While the intelligence does not tie Mr. Assad directly to the attack, these officials said, the administration said the United States had both the evidence and legal justification to carry out a strike aimed at deterring the Syrian leader from using such weapons again.
A critical piece of the intelligence, officials said, is an intercepted telephone call between Syrian military officials, one of whom seems to suggest that the chemical weapons attack was more devastating than was intended. “It sounds like he thinks this was a small operation that got out of control,” one intelligence official said.
But Republican lawmakers said White House officials dismissed suggestions that the scale of the attack was a miscalculation, indicating that the officials believe Syria intended to inflict the widespread damage.

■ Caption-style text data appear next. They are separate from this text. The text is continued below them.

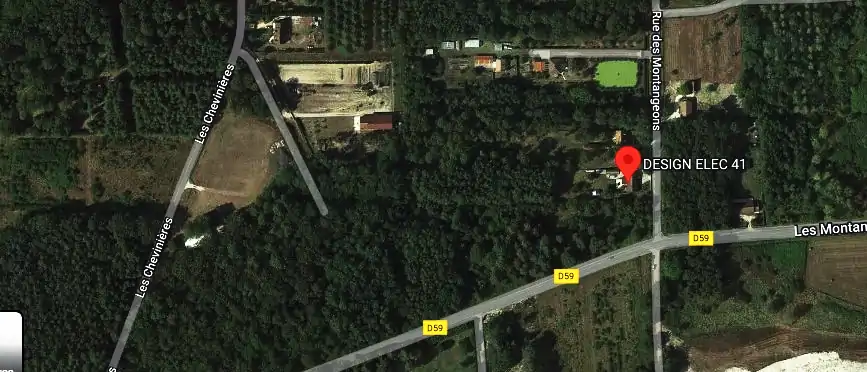 Devis électricien à Pruniers-en-Sologne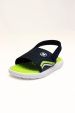 Chinelo Masculino Infantil Estilo Neon - Molekinho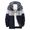Maglione zip uomo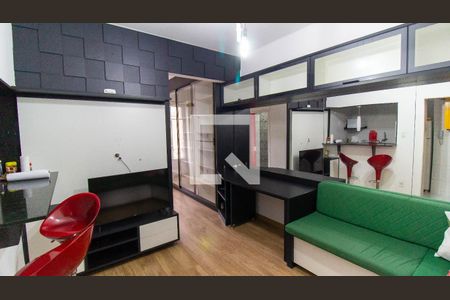 Studio de apartamento à venda com 1 quarto, 55m² em Centro, Niterói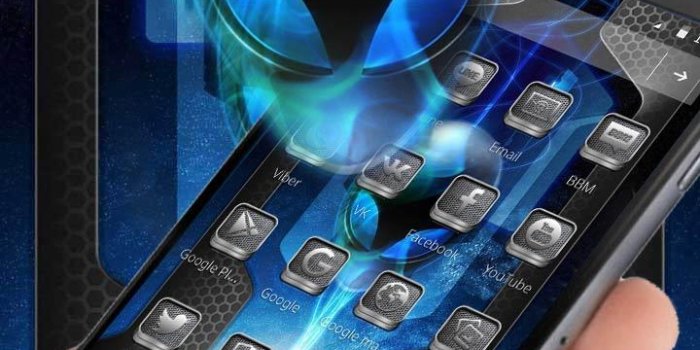 720x1280 Alien Technology Wallpaper for Android - APK Download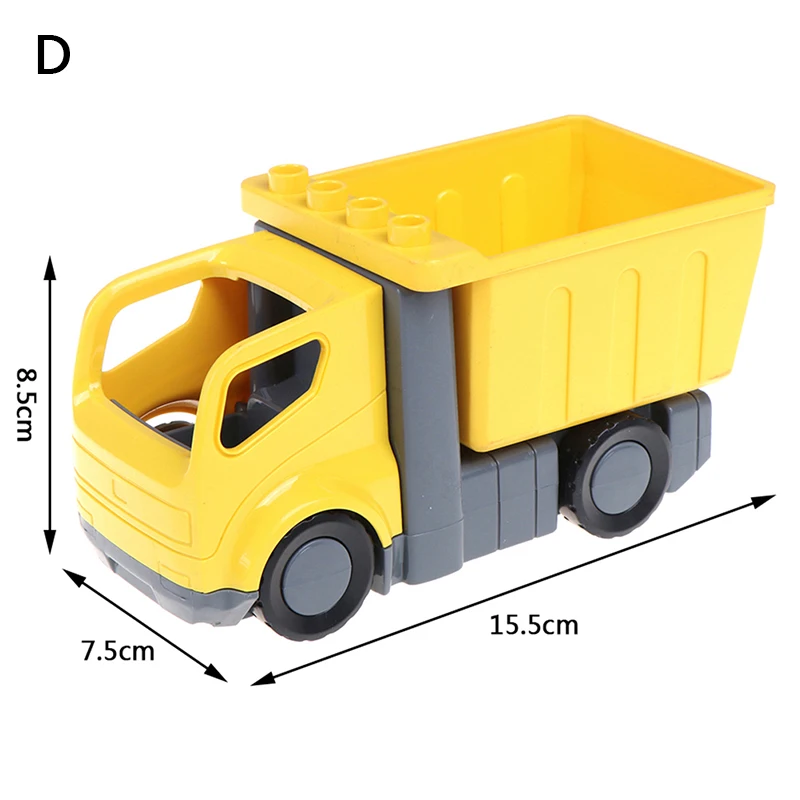 1 шт. модель мотоцикла автомобиля набор транспортных кирпичей большие частицы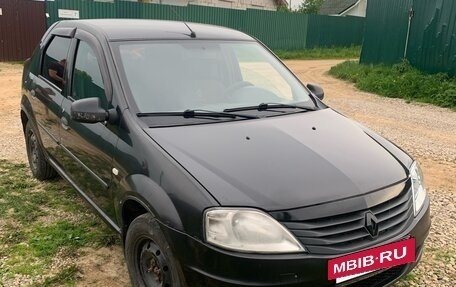 Renault Logan I, 2010 год, 180 000 рублей, 5 фотография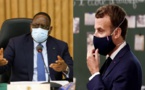 Macky en quarantaine : Macron annule sa visite à Dakar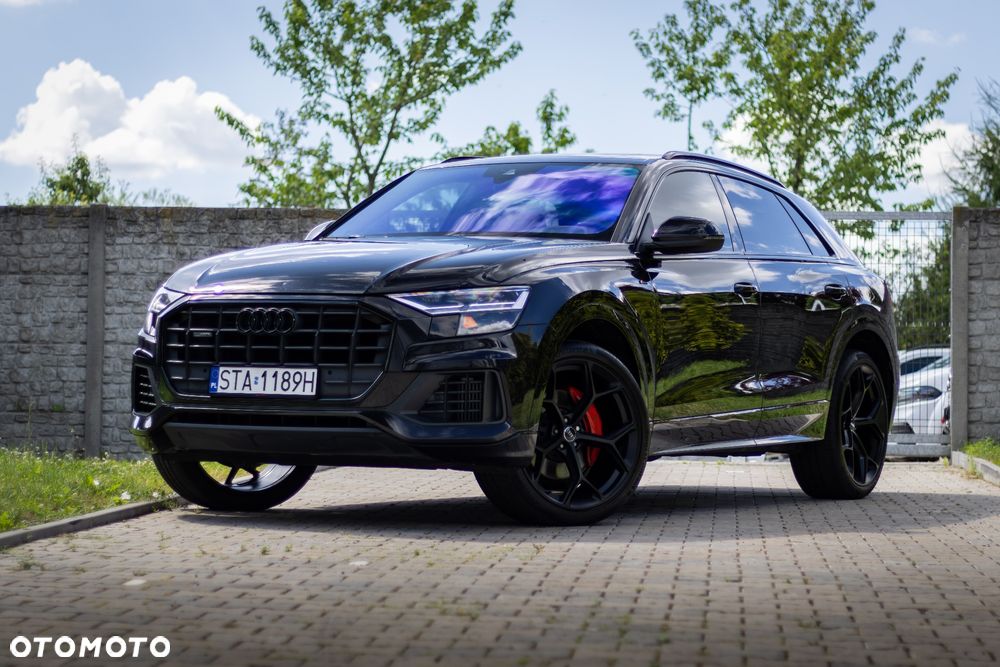 Audi Q8 55 TFSI mHEV Quattro Tiptronic - 4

“I’m comfortable that the things the president told Assad not to do he did,” said Senator Lindsey Graham, Republican of South Carolina, who took part with seven other Republican senators in a separate briefing by the White House chief of staff, Denis R. McDonough.
Among the officials on the conference call were Secretary of State John Kerry; Defense Secretary Chuck Hagel; the director of national intelligence, James R. Clapper Jr.; and the national security adviser, Susan E. Rice. It was unclassified, which means the administration gave lawmakers only limited details about the intelligence they assert bolsters the case for a military strike.
Before the call, however, some prominent lawmakers expressed anger that the White House was planning a strike without significant consultations with Congress. “When we take what is a very difficult decision, you have to have buy-in by members and buy-in by the public,” Representative Mike Rogers, the Michigan Republican who is chairman of the House Intelligence Committee, said Thursday on MSNBC. “I think both of those are critically important and, right now, none of that has happened.”If there had been definitive proof Cameron wouldn't have gone down in flames in the House of Commons yesterday.
Everywhere you look Obama is on shaky ground. No compelling evidence has been presented to justify a unilateral assault on a sovereign nation. International law will be violated if such an attack takes place. And so far the only ally to come forward vowing support is the Socialist government of Francois Hollande.
The damage that Obama is doing to his ability to govern is enormous. The source of his political power, his success as a politician both nationally and internationally, is his standing as an anti-war advocate and as proponent for peace and toleration. He beat Hillary Clinton and rose to the top of a crowded field of primary contenders in 2008 because as a Illinois state senator he came out against going to war in Iraq. Starting with the Snowden revelations and his peevish response to them, and now coming full force with his disingenuous case for an attack on Syria, Obama is eviscerating the basis of his support.
Obama has three-and-a-half years left to govern, and he is effectively mortally wounded. It's not clear going forward what impact this is going to have -- on budget negotiations with a belligerent GOP House caucus, on his ability to get any legislation through Congress, on midterm elections and the short-term viability of the national Democratic Party.
There are five destroyers in the eastern Mediterranean. Each has a payload of 36 cruise missiles. As a baseline that's what the Syrians can expect -- a barrage of 180 missiles. It will probably be worse, and it will probably commence not too long after the UN inspectors exit the country. Sunday morning? Nothing will likely be achieved other than destruction, death and Obama's political immolation. At this point, there might a silver lining in the last item.